I've been googling around and can't find anything nearby, I live in a small town and unfortunately don't have the means to haul her elsewhere right now.
I've been on a drill team for the last 4 years. And about the rodeo- yes they are a good place to get a horse ready for an actual show, but you will have to talk to the director of the committee running the rodeo if it is okay to bring your horse. Some will, some won't.
Just remember, before you start hauling your horse to shows, you have to have him ready. You don't want to go to the show trying to make an impression, because there may be drill team members there, and if your horse spooks at something you don't want to make a bad impression.
About your horse- you need to be sure he is well-broke. He needs to be able to walk, trot, lope, and run smoothly, with smooth transitions. The stop is also a major factor, as well as the back. He should also be able to pivot on the front and back, both directions. He also needs to be able to lope a perfect circle for fans, crossovers, etc. He needs to get along well with other horses to, and be able to carry flags. A horse that travels well is also a bonus.
After you have all that, start taking your horse to events. If you think he is going to be spooky, bring a friend with a good horse that your horse can follow.
If you want a good one to look up. youtube the All American Cowgirl Chicks and the Latigo N Lace drill teams. They are both really good. Just remember you probably won't be doing much trick riding; just depends on the drill team. And if you want to, don't be scared to call the drill team coach and see what they look for and what they need. If your team doesn't have sponsors, it can get pretty expensive if you have to buy your own uniforms, protective boots, gear, and pay your part of fuel and trailers.

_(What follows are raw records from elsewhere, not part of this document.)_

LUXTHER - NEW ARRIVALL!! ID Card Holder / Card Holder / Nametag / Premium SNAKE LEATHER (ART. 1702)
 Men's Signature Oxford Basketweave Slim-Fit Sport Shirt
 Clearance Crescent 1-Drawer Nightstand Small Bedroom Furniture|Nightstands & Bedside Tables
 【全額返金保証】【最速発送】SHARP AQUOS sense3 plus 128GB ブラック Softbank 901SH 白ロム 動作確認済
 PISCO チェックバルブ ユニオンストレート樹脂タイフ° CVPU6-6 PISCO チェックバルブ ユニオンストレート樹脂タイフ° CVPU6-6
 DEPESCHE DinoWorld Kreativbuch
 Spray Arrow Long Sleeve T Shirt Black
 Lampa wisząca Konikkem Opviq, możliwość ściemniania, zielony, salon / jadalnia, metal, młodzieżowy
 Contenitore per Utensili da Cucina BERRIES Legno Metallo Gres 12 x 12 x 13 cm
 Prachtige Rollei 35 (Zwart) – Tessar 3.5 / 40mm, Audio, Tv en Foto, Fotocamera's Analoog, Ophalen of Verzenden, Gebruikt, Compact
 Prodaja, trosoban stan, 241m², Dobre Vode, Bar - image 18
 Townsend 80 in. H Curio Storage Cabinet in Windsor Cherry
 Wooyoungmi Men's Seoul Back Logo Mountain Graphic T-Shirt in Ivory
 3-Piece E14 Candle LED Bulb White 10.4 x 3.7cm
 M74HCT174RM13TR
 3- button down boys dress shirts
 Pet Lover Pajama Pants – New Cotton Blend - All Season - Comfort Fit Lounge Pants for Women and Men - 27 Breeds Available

It is a lot of hard work, but don't give up. The drill teams are very fun, and it is great when you do a perfect performance and are signing autographs and taking pictures with fans. Good luck!!
Thanks KayceeJO! I really appreciate the complete run down. Out of all the things you mentioned the one thing that she does not know at all is the pivot. We have been working on it though, we've only been successful once so we will see how that goes!